Вот так меня спросили про папу. Как он там – нормально? Ну да, наверно, он стреляет малых детей через окно, а в подвале устраивает газовую камеру, а в остальном он очень милый человек.
«Ах, да, вот как, значит. А где они сейчас живут?»
«На улице Скотхусвег. Они купили старый дом Бенни Торса, то есть мама… она его купила».
А в остальном я была довольна, что приехала на Западный фьорды, где исландцы наиболее исландские. Упорные и скромные пьянчуги. Конечно, я бы предпочла Брейдафьорд, да там уже большинство домов опустело. Как по нотам: едва на острова провели телефон, большинство жителей уехало на большую землю. Тысячелетней цивилизации пришел конец. На самом деле я вру, потому что на острове Флатэй и на Лаутрар кто-то все еще жил, а на старых добрых Свепноу больше нет. Эйстейн с Линой где-то после войны оставили хозяйство, и их ввели под руки в благоухающий цементом дом престарелых в Стиккисхольме. А с ними все хуторяне исчезли. Кроме бабушки. Ей было уже около восьмидесяти пяти, но она была несговорчива, в конце концов ее удалось уговорить хотя бы зимой находиться на Флатэй. Она жила там в старом сарае, но весной велела парням отвозить себя на Свепноу и всегда приезжала туда до прилета крачек. Мама волновалась за нее, но, как оказалось, зря: старушка прожила еще шестнадцать летних сезонов. И никто не знал, как и чем. Она не принимала никаких посылок с едой, не отвечала на почту, а когда к ней приезжали в гости, не желала никаких расспросов. Она стала единым целым с небом и землей и читала только по крачечьим яйцам: жадно глотала новости о погоде на Южном полюсе и корме в Северной Атлантике, а закончив чтение, скомкивала скорлупку. Все очень старались перевезти ее в город. Ведь там было каменное жилище, динамо-машина и масляное отопление, но она цепко держалась за свой «Домик Гюнны» и говорила, что она, мол, не муха, чтоб в дома залетать: «Я от такого житья разнюнюсь да разгунявлюсь». Дошло до того, что осенью 1962 она отказалась покидать остров, сказала, что ей надо выполнить обещание. Смерть пришла с юга под черным парусом по белооскаленным волнам, держа курс прямо по ветру. К полудню она доплыла до Бабьей бухты и взмыла вверх с шорохом плаща, – а ее уже ждали под одеялом. Столетнее сердце прикрыли крышкой. А на следующий день я вылетела из Гамбурга на родину.

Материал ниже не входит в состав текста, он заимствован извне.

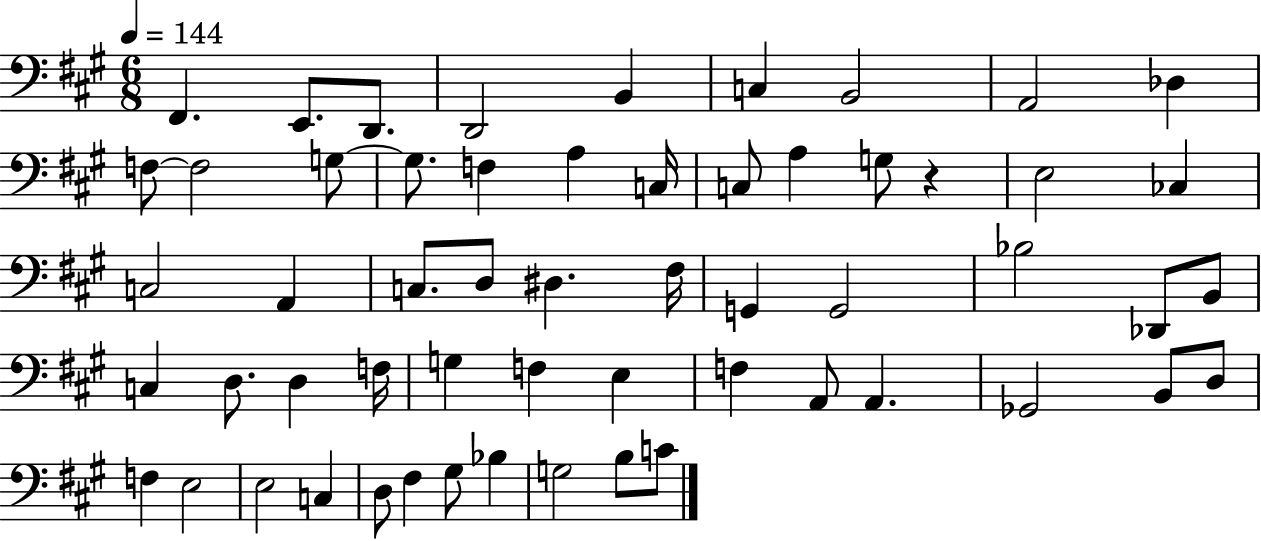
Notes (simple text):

F#2/q. E2/e. D2/e. D2/h B2/q C3/q B2/h A2/h Db3/q F3/e F3/h G3/e G3/e. F3/q A3/q C3/s C3/e A3/q G3/e R/q E3/h CES3/q C3/h A2/q C3/e. D3/e D#3/q. F#3/s G2/q G2/h Bb3/h Db2/e B2/e C3/q D3/e. D3/q F3/s G3/q F3/q E3/q F3/q A2/e A2/q. Gb2/h B2/e D3/e F3/q E3/h E3/h C3/q D3/e F#3/q G#3/e Bb3/q G3/h B3/e C4/e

В ее постели нашли ветхий, очень толстый томик в потертом кожаном переплете – «Исборник». Это была ее книга, содержавшая учет улова и рыбацкие вирши прошлого века, а также «Книгу учета пуха В. Й. 1923–1962». А еще там были рассказы о штормах и крушениях, а также несколько самосочиненных стихов: «И все мне снится, снится мне / божий олух Йоун». Значит, я не единственная в нашем длинном роду женщина, которая лежит под старость в сарае и издевается над Йоунами.

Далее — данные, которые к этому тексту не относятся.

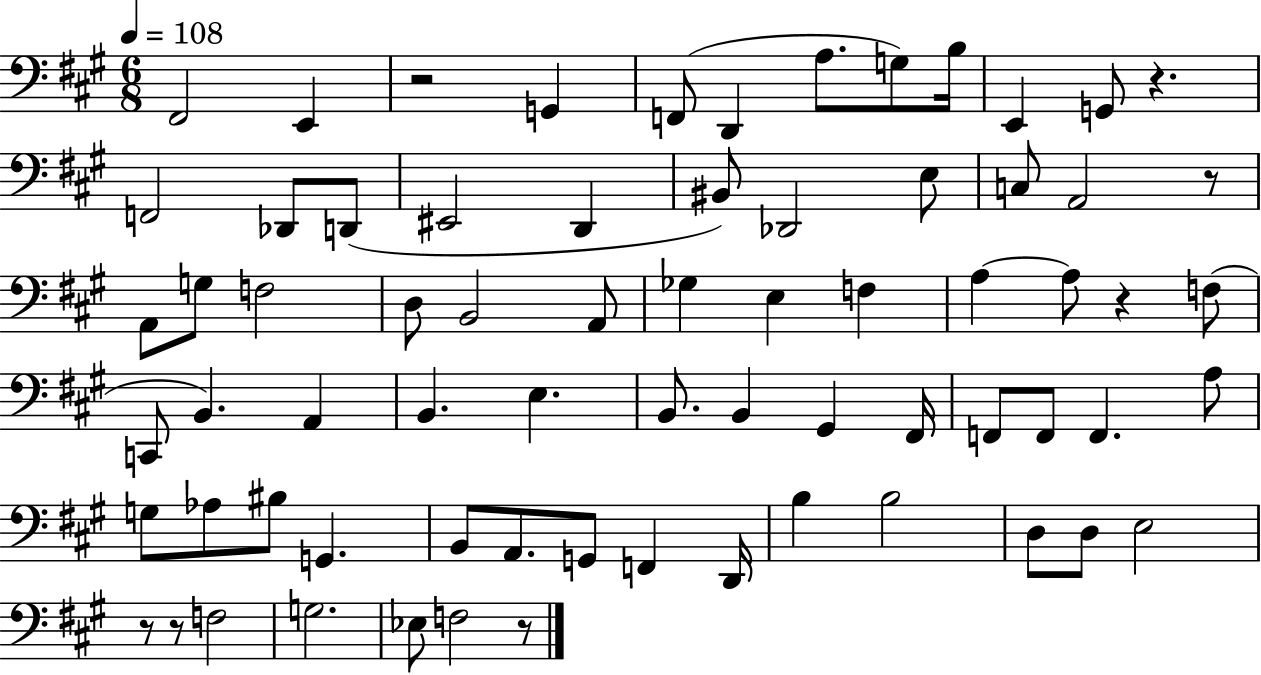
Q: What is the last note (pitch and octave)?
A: F3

Но несмотря на мою сильную йоунизированность в прошлом и на все недостатки, мой Байринг был самым сносным из всех. Он был el hombre[231], хотя я и не уверена, что на самом деле любила его. Но как вышло, что женщину вроде меня мог очаровать грубый рыбак с Западных фьордов? Который на корабле плавал, только если сам выходил на промысел, а книгу открывал только если это были исландские биографии, – а я этот сорт литературы презирала. Если верить им, то жизнь в Исландии была одним сплошным газетным раем, не знающим ни страданий, ни ошибок, ни поражений, где избранные принцы из именитых родов делали блестящие шаги из университетских залов в парламент, а оттуда все выше и выше, заглядывая по пути к разным женщинам, пока не находили одну-единственную, которая могла вытерпеть и скрыть от посторонних всю их ложь, фальшь и распущенность.

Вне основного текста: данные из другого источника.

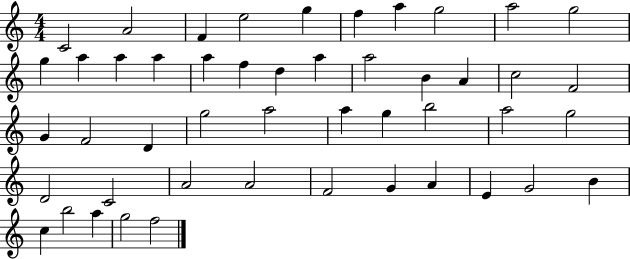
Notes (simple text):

C4/h A4/h F4/q E5/h G5/q F5/q A5/q G5/h A5/h G5/h G5/q A5/q A5/q A5/q A5/q F5/q D5/q A5/q A5/h B4/q A4/q C5/h F4/h G4/q F4/h D4/q G5/h A5/h A5/q G5/q B5/h A5/h G5/h D4/h C4/h A4/h A4/h F4/h G4/q A4/q E4/q G4/h B4/q C5/q B5/h A5/q G5/h F5/h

В политике Байринг был типичным исландцем: вконец запутавшимся, но крикливым. Ему нравился Карвель[232]. Ребята-демократы всегда виделись мне какой-то более опрятной разновидностью коммунистов, вроде быка со спиленными рогами. Но мне никогда не хотелось обсуждать с моим моряком политику, а ему никогда не хотелось со мной в Рейкьявик – смотреть в театре «Умника»[233]. Но если мы замыкали другие контакты, всегда вспыхивала большая искра, и машинка заводилась. Наконец-то я повстречала человека, который был большим психом, чем я. К тому же, у меня жизнь в прошлом была труднее, чем у него, и я подпитывалась его жизнерадостностью, словно изможденный краб, обнаруживший корм. И чем больше я его пожирала, тем больше он производил. Мой смех сделал его звездой в мире нашего веселья: он играл главную роль, он прибежал с пристани прямо в дом с новенькой программой – серенадой, которую он сочинил под койкой:
Затем он достал из своей моряцкой котомки шелковое платье с красно-белым цветочным узором: говорил, что купил его на Бурляндии – густонаселенном острове, на который они якобы случайно наткнулись в рейсе, на полпути между Исландией и Гренландией, и который веками скрывался от мореплавателей. Бурляндия была во всем не похожа на Исландию. И растительность там была обильная, и погода хорошая, и они провели там весьма бурные выходные в столице Гюнне.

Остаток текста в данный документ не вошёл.